Opinion

Racial understanding will not come from apologetics

By Cesar Renero ’17

On Wednesday, April 8, Heather MacDonald delivered a lecture entitled “Are Cops Racist?” which prompted a largely negative reaction from its audience. MacDonald is a noted fellow of the Manhattan Institute, a conservative think tank which helped pioneer the “broken windows theory” of crime-prevention. She ascribed racial-profiling to the prevalence of black-on-black crime, and repeatedly insisted that the only reason cops go out looking for young black men is that the most common perpetrators of violent crimes fit this description. Her blatantly apologist views were coolly met, and questions directed at her by the audience carried a critical tone. Moreover, MacDonald demonstrated the reactionary thinking with which the political right is responding to movements such as Black Lives Matter, and which only worsens the quagmire on the road to greater racial equality.

MacDonald’s speech carried a warning message, as she recognized the context under which she was addressing her diverse audience. To validate her claims, she pointed to her long-time residency in New York City and thorough study of police community meetings in areas such as the South Bronx and Harlem. Like most apologists, her claims seemed to be well-researched—almost always carrying the tinsel of statistics—but the basic logic she used was intrinsically wrong. Furthermore, she characterized incidents of police brutality as tragic “mistakes” on the part of individual officers and not a reflection of a greater systemic problem within the American police forces.

Among the students voicing dissent, Anthony Jackson ’15 countered that his problem lay “when you assume I am going to commit a crime,” based on his race. Jackson went on to compare how crimes such as domestic abuse and fraud do not have associated policies such as stop-and-frisk, noting that many or most perpetrators of these crimes are white.
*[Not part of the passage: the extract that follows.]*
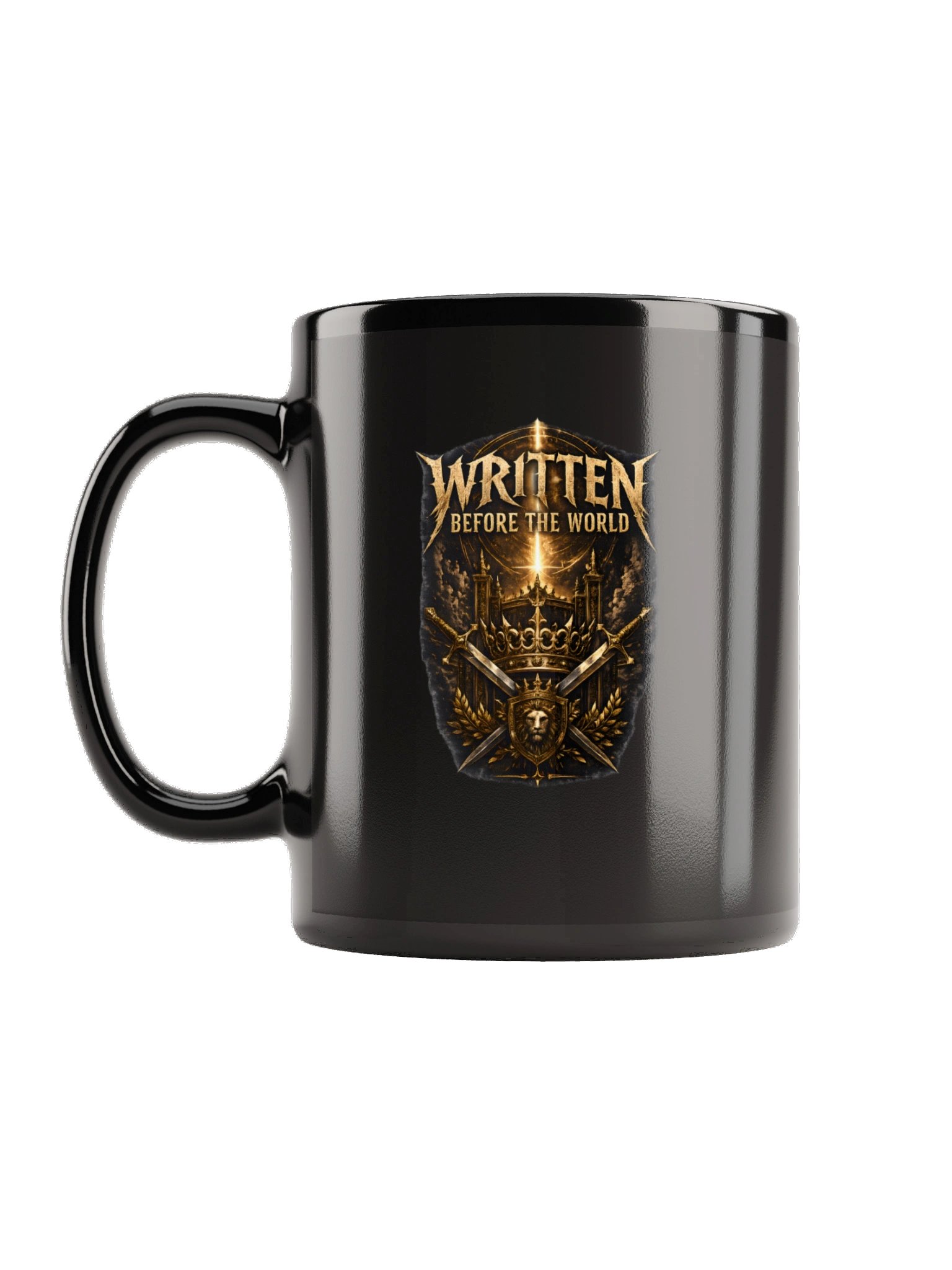 Written Before the World Gothic Mug product image (2)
MacDonald at first held her composure, and offered imaginative regurgitations of the same logic and statistics, but by the end of the lecture, an awkward mood engulfed the room as MacDonald relied increasingly on conservative rhetorical tools to proffer an answer.

As a solution, MacDonald proposed that America should “re-constitute the family,” pointing to single-mothers and fatherlessness as the leading cause to the prevalence of crime in the black community. While I fully recognize that two loving parents are better than one, there is nothing in a father that makes him intrinsically a better parent than a mother. In fact, recent studies suggest that gay-and-lesbian couples may make even better parents than MacDonald’s traditional mom-and-dad power couple.
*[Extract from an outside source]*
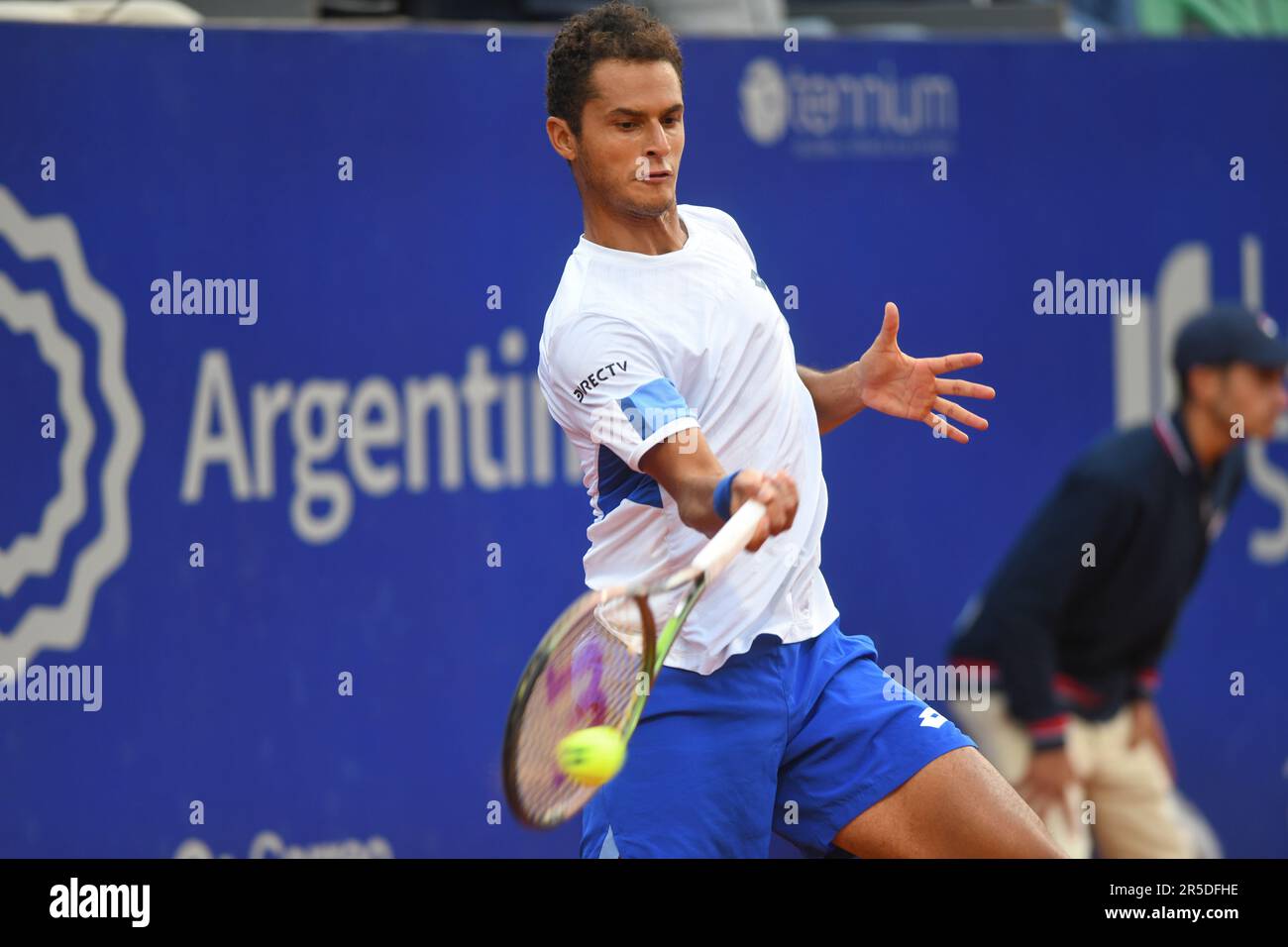 Juan Pablo Varillas (Peru). Argentina Open 2023 Stockfoto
Worse of all, MacDonald’s solution feeds into the vitriolic cycle that is common in right-wing thought processes: a loss of morality on our part results in tangible physical costs, and the only solution is to go on a nostalgic gallop down memory lane and emulate our more righteous predecessors. From teen pregnancy to AIDS prevention, it seems that morals have been the perennial solution to the problems that the Right inherently cannot cope with. Much like the cure to teen pregnancy does not lie in fear of damnation, but in free condoms distributed by schools, the cure to black-on-black crime is not injecting men into single-mother households. Rather, we must see black-on-black crime as the result of a socioeconomic system that disproportionately affects people of color. While having a single mother is a factor of crime, the most impactful motive for crime is poverty. If you are poor and uneducated, you will more readily join a gang than will the daughter of Lorelai Gilmore, no matter how many parents you have.

Police brutality is a reality we must face, and the lack of accountability regarding the police’s use of force should be a worry to us all, even if MacDonald failed to address how these fatal “mistakes” should be resolved. But in a political climate which strings away from cordial disagreement and towards incisive and divisive shouting matches, we should be wary of inviting such polarizing speakers without providing a suitable medium for people to voice their criticism, such as a subsequent panel to discuss the issues raised by the lecture. We should strive towards creating dialogues where both opposing views have an equal voice. There is plenty to learn from the American Right, but only debate, discussion and conversation can dissolve that quagmire that sits on the road to greater understanding and equality. If we are to go down nostalgia highway, let it not be to salvage outdated ideologies, but to remember the eloquence and civility of Christopher Hitchens and William F. Buckley: we could chuckle away our political differences and come out knowing more about the other side, leading to understanding and, hopefully, progress.